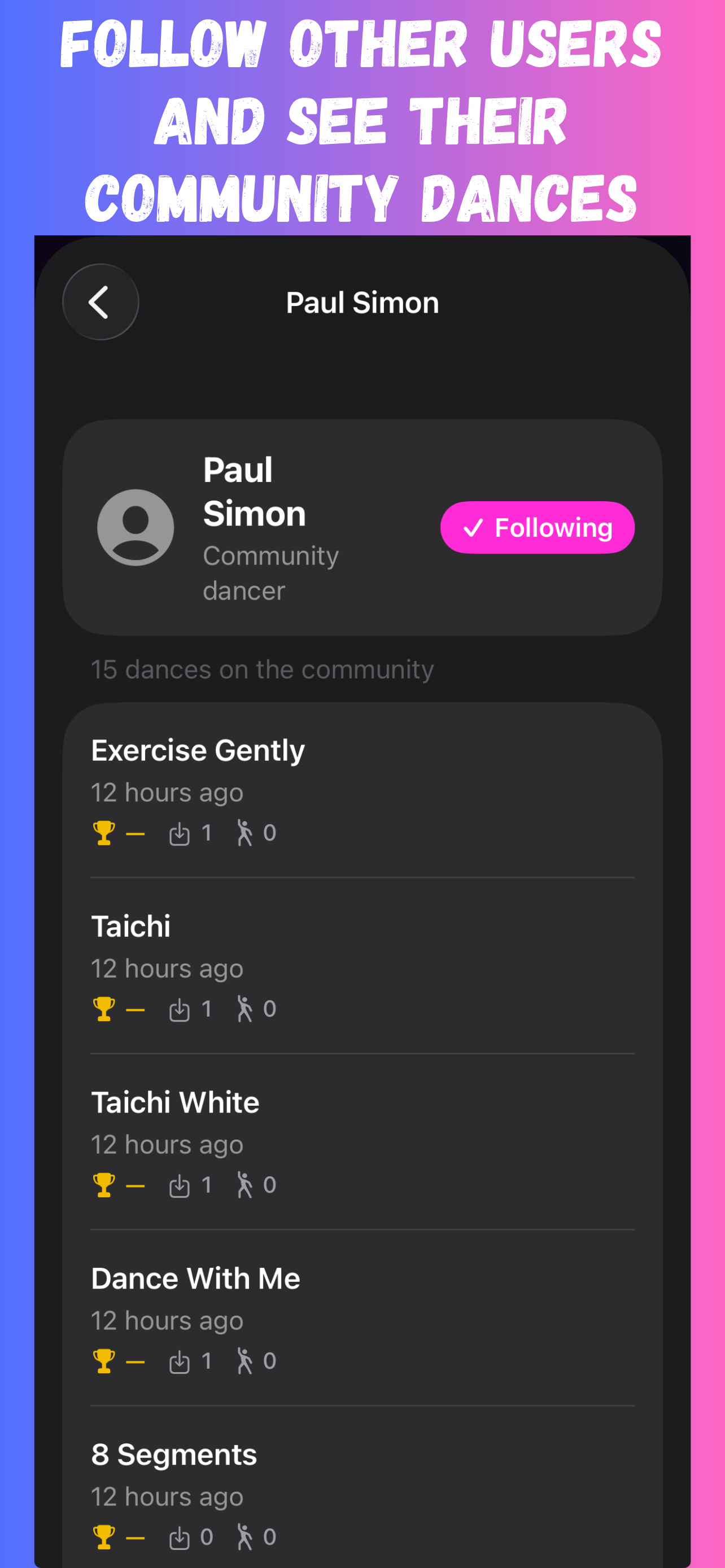 Workout Dance For All screenshot 7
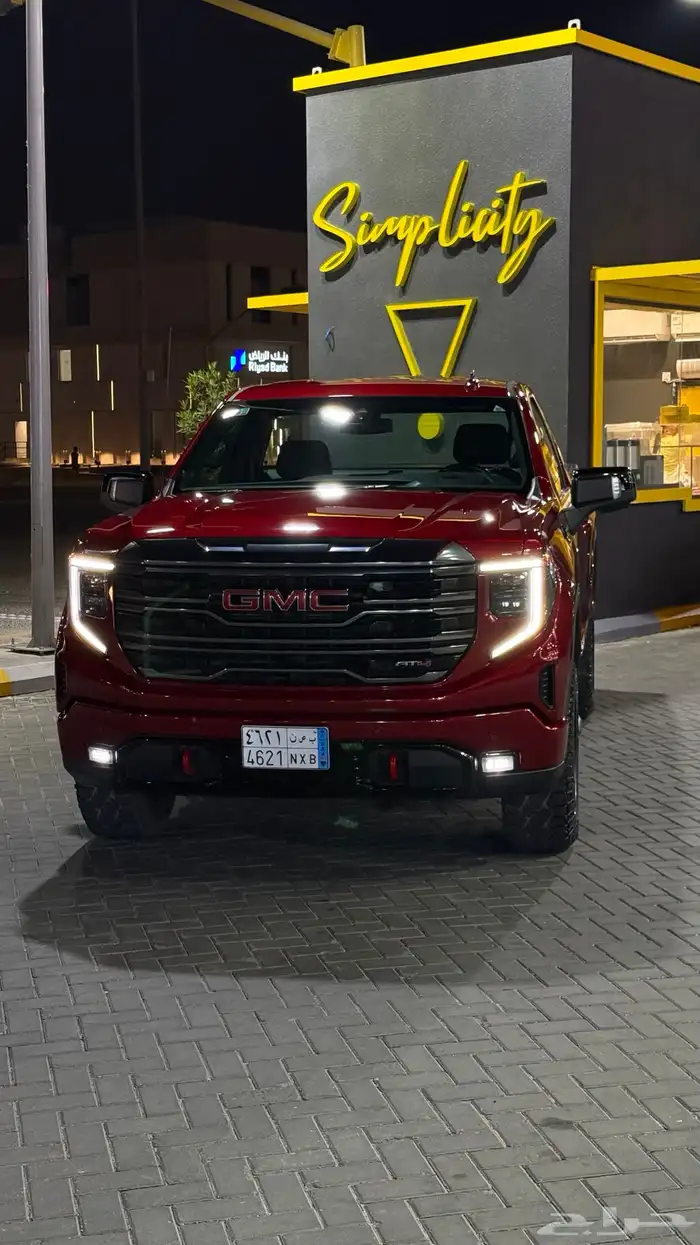 جمس سييرا AT4 موديل 2022 (الدفعة الثانية) 7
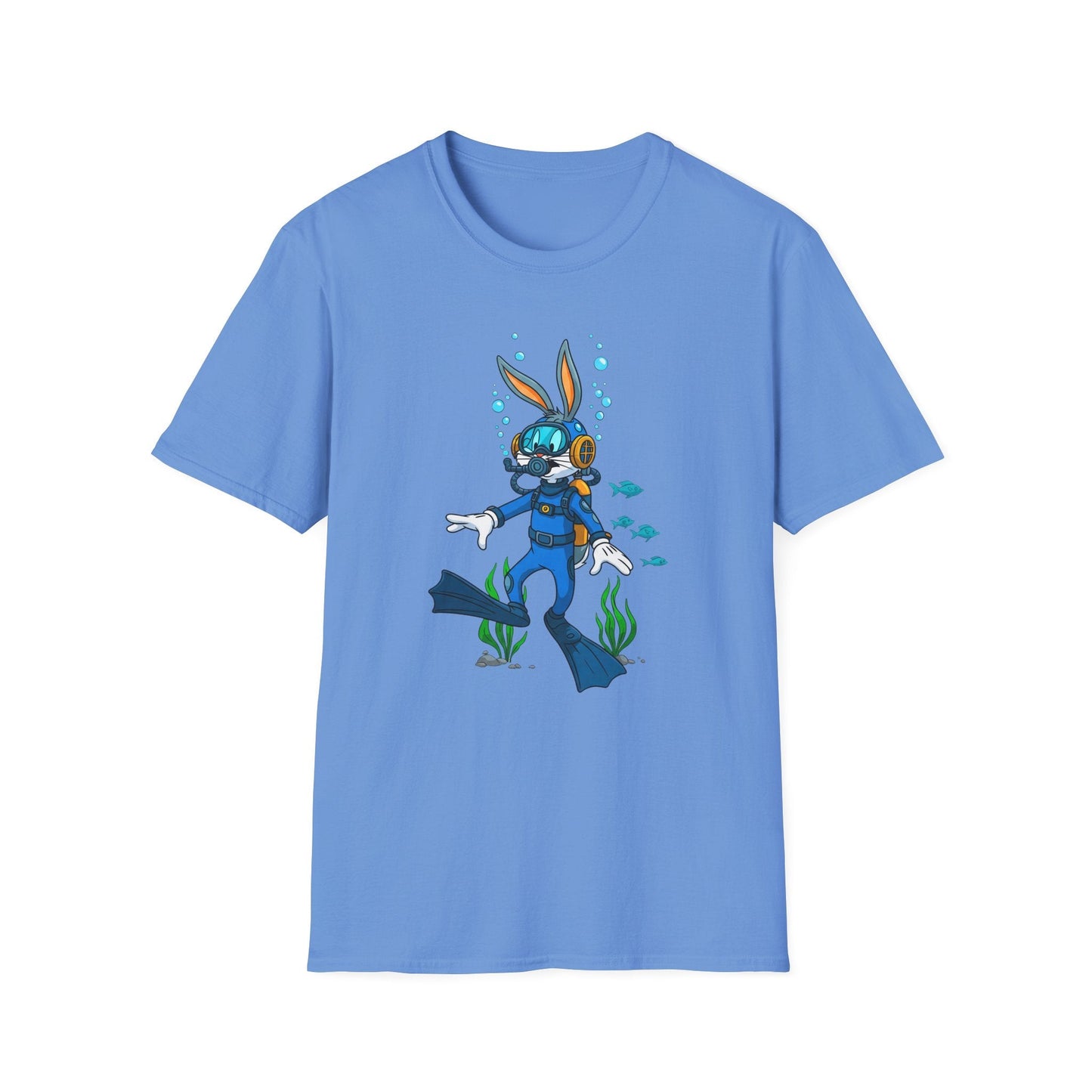 Bugs Bunny Shirt Unisex T Shirt Cartoon Tee Animation Design Softstyle Graphic Cotton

Work item: Repeat the material above exactly; pictures do not belong in the copy.

Exercise result:
 Workout Dance For All screenshot 7
 جمس سييرا AT4 موديل 2022 (الدفعة الثانية) 7
 Bugs Bunny Shirt Unisex T Shirt Cartoon Tee Animation Design Softstyle Graphic Cotton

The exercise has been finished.